Stored dataset items
BEGIN

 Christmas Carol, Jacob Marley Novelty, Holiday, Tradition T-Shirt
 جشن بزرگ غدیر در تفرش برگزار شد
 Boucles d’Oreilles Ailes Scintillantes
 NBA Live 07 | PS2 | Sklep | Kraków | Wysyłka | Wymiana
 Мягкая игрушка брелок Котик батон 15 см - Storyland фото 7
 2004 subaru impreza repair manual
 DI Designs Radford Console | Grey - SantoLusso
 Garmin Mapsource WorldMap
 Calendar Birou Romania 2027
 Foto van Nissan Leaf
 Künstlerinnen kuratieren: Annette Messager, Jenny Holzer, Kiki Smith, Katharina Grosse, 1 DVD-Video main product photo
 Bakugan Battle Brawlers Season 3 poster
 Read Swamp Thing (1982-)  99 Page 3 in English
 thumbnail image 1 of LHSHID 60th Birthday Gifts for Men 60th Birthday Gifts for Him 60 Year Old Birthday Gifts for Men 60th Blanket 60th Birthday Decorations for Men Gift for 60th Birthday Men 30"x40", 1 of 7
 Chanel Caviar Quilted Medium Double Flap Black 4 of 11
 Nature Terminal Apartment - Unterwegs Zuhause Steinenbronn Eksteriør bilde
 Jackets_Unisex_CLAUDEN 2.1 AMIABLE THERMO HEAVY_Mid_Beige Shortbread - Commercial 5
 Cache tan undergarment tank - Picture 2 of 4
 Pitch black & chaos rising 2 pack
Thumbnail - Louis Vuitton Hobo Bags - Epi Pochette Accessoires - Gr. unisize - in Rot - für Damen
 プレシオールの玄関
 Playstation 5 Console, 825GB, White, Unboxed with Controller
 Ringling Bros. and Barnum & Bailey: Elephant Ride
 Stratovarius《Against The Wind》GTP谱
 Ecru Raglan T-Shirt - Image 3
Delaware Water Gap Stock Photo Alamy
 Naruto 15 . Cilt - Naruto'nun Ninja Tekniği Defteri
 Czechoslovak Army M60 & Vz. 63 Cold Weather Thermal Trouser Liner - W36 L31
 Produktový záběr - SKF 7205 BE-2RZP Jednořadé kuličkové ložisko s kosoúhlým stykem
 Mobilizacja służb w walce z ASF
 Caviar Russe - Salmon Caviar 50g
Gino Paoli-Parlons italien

END

#### Exercise directions:
Only the number is wanted. Count the lines above that include the word "Caviar".

#### Solution below:
2